Old Mutual’s Dave Mohr unpacks the State of the Nation and its slowing economy

An overwhelming amount of information has been made available to South Africa over the last few days, where we are seeing a deluge of numbers being reported, that all indicate a negative growth environment in our economy. Added to this is Zuma’s most recent State of the Nation Address, which focused on the country’s two big hindrances at the moment – unsettled labour and  an unreliable energy supply. It is difficult to see the proverbial ‘wood for the trees’ in an environment where sensationalism paired with real fears of a recession, may leave you grappling with difficult decisions to make based on the information. Dave Mohr, Chief Investment Strategist at Old Mutual Wealth, has an in-depth look at Zuma’s address, as well as the state of the economy, where he clarifies the reality of the situation, without any fear-mongering. We may have a tough time ahead of us, but it might not be as bad as we think. – LF

ALEC HOGG:  Well, President Jacob Zuma addressed two of the most significant problems in the economy in his State of the Nation speech last night: South Africa’s energy constraints and instability in the mining sector.  Joining us now for more on the State of the Nation Address and the state of the economy generally, is Dave Mohr, Chief Investment Strategist at Old Mutual Wealth.  It’s good talking to you, Dave.  Let’s start off with State of the Nation.  Mr Shapiro was a little concerned it took our President an hour-and-forty-minutes to do what could have taken him under an hour, he reckons, but that this is more of the same.  We hear the talk, but we don’t see the delivery.  Is there a credibility issue when someone like you looks at this kind of address?

DAVE MOHR:  I think one has to be honest.  There is certainly that element to it.  If you look at what has been promised in these addresses over the last few years, and how the economy has performed, it does create a problem with credibility, certainly.

ALEC HOGG:  So what do we do?  How do we then interpret something that is as heavily promoted and publicised as an address like this, from the President, if the credibility isn’t there?

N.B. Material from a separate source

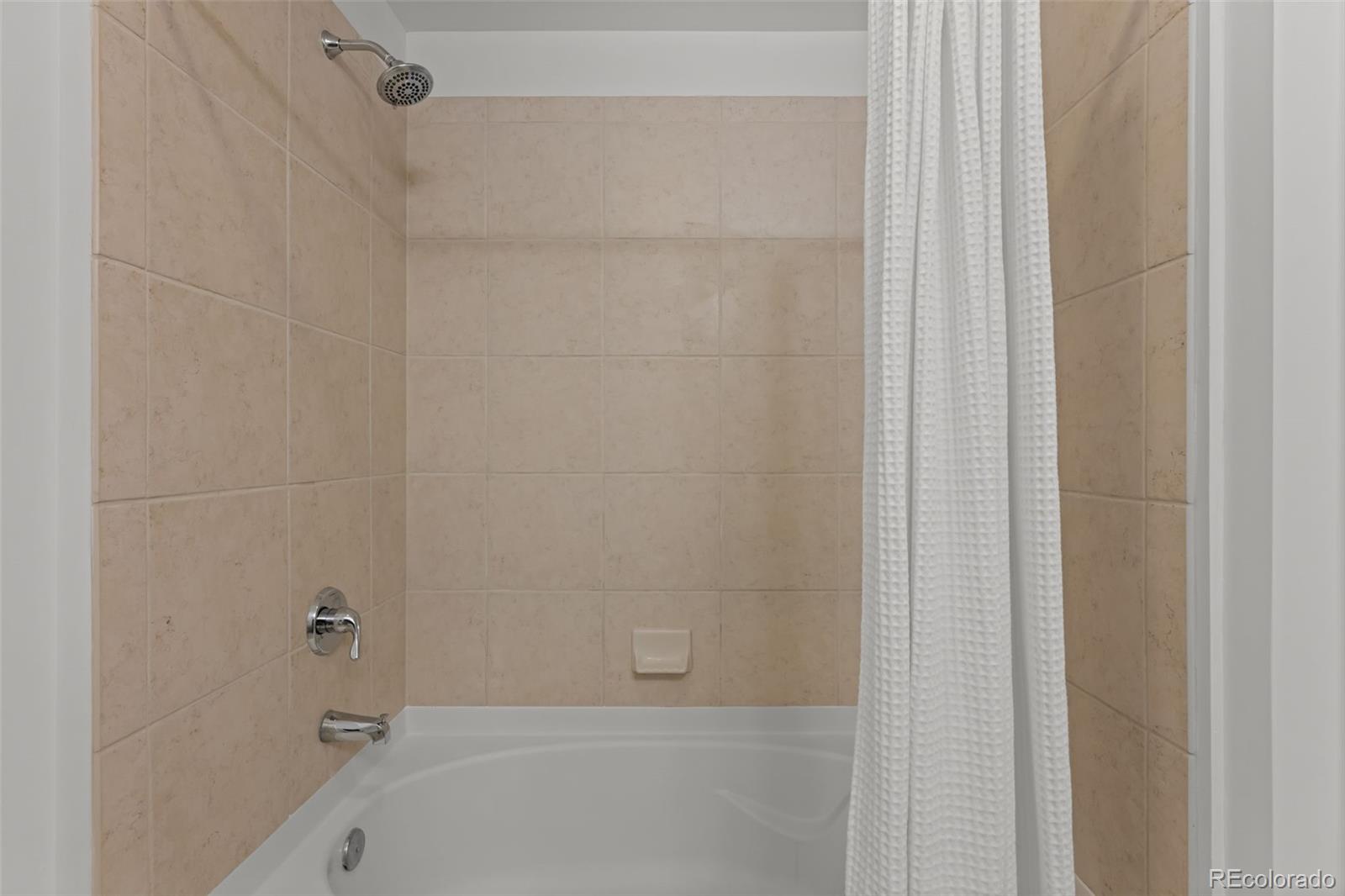 1700 Bassett Street Denver CO 80202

DAVE MOHR:  Well, if the credibility is not there then government has to realise they have to do something to try to improve that.  Because the economic performance has lagged for such a long time, that is the key problem with the credibility.  If you look at the address last night, he obviously spent a lot of time on economic issues and particularly, the two that you mentioned in terms of the platinum strike and the electricity shortages that we’ve got.  In a sense, although those are huge problems for the economy, I think there’s a positive in that it has created that sense of crisis within government, that it’s not merely a question of sitting back and promising that ‘we’re going to deliver five million new jobs over the next few years’.  These issues focused the attention on where some of the real problems lie in the economy, which is certainly with labour relations as well as the longer term planning, the rollout of our infrastructure, and the critical role that plays in our economy, and if there’s a constraint there, what the economic cost of it is.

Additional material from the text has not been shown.